## Exercise directions
Write out the lines of the material below exactly, beginning at the line with "Once you've named" and stopping after the line with "Yo, what is", and leave out the pictures.

## Supplied material
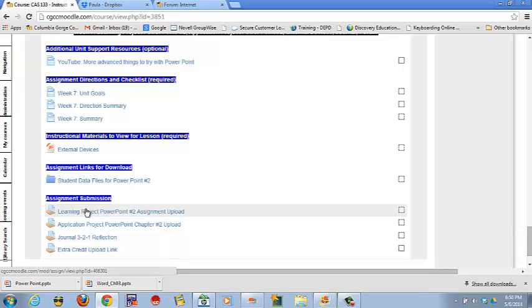Make sure you set document properties. Make sure you set all those types of things that kind of sneak up on you if you're not watching it. It's going to have you inserting some slide numbers. Make sure you actually insert those. That's on WD 118.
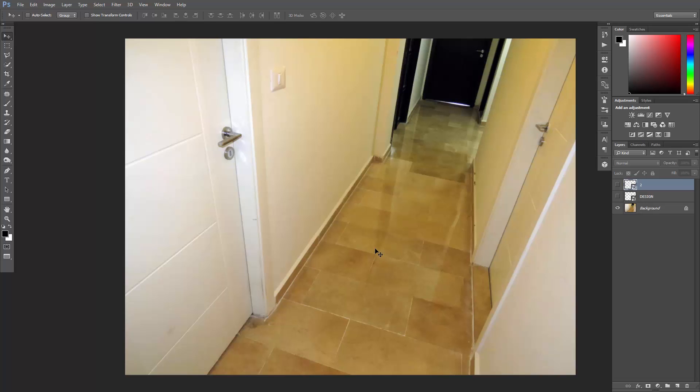This is the image I'm working on. You can download it using the link in the description. I want to add the 2-Minute Design logo here on the wall and some text on the floor.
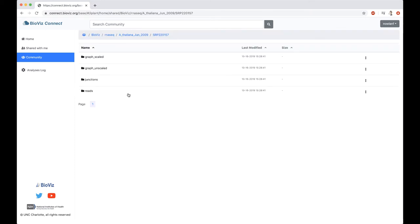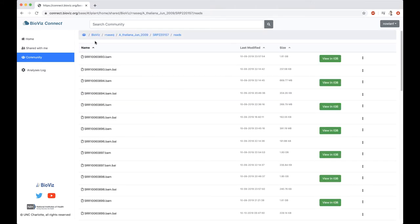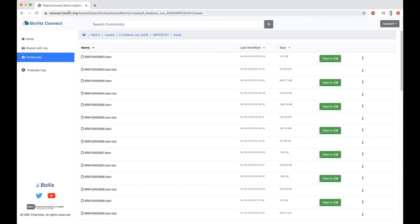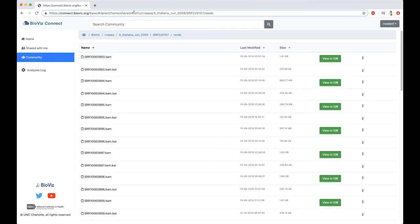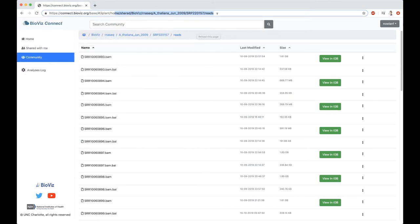We want to look at the reads. There are a couple of things to point out while we're here. You can see we have this breadcrumb trail. You can see the current directory that you're in and where that's in relation to the rest of the folders. It also allows you to easily jump back to a previous folder if you need to. You can also see that up here in the URL, you have the same thing. Your browser buttons will also work, so you can jump back to previous pages or forward.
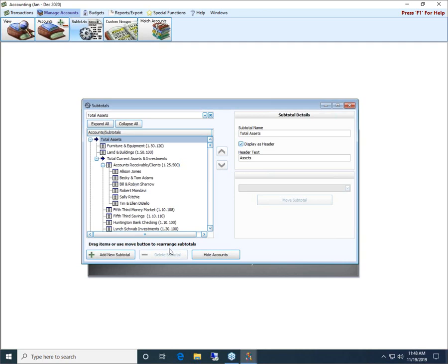All right, well, with just about a minute left, folks, that is our topic for today.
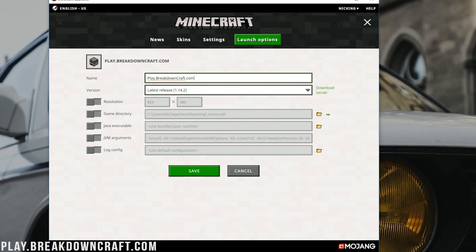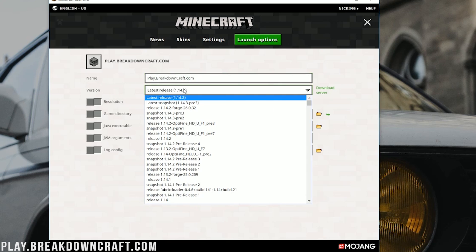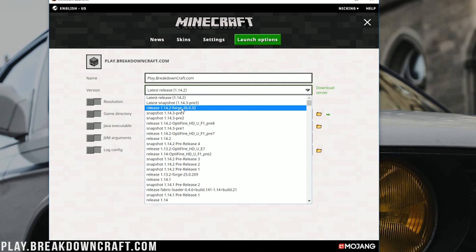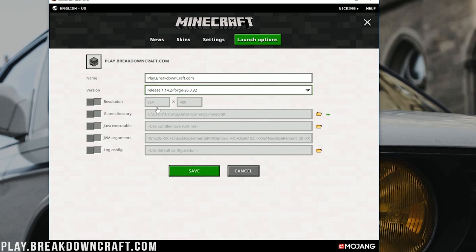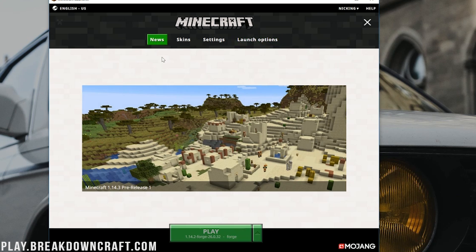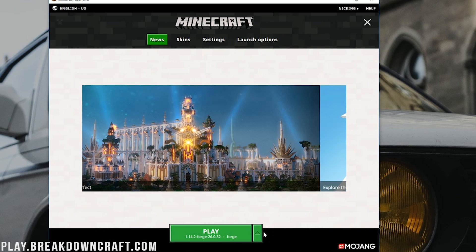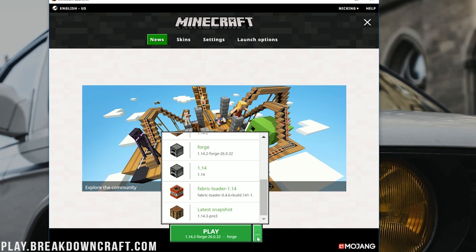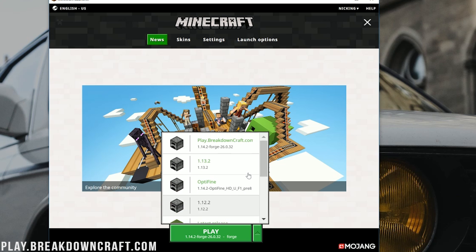Once you've named your profile here, we want to find Version. And then we want to click this drop-down box next to Version. In here, you should have Release 1.14.2-Forge. And there it is. Release 1.14.2-Forge. Click on that, and then go ahead and change your resolution if you want. I'm changing mine just so you'll be able to see once we get in-game, but you don't have to do that. Now, we can go ahead and click Save.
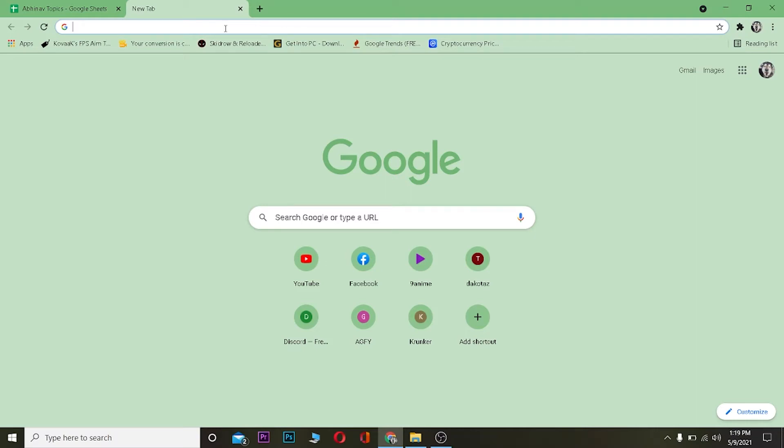Yo, what is up everybody! Hope you guys are having a fantastic day and welcome to my channel. In today's video, I'll be teaching you how you can download and install Viber on your PC or desktop.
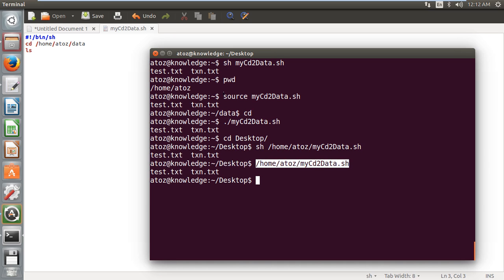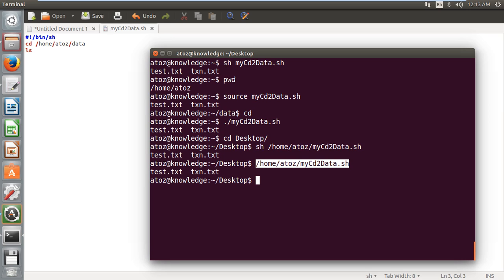Now you can decide which way to execute it. Generally, whenever we execute any kind of automation scripts, we use sh only. Because once the particular script is executed, it has to go back to the previous status. But we basically use source to execute a file when the particular file needs to be executed in the current state, that is in the current shell itself and it has to be in the same position. It should not go back to the previous state. That means once the shell script is executed, it should not go back to its previous status. It has to be in the current status until I close my terminal. That is where people will use source.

## The answer
Once you've named your profile here, we want to find Version. And then we want to click this drop-down box next to Version. In here, you should have Release 1.14.2-Forge. And there it is. Release 1.14.2-Forge. Click on that, and then go ahead and change your resolution if you want. I'm changing mine just so you'll be able to see once we get in-game, but you don't have to do that. Now, we can go ahead and click Save.
Yo, what is up everybody! Hope you guys are having a fantastic day and welcome to my channel. In today's video, I'll be teaching you how you can download and install Viber on your PC or desktop.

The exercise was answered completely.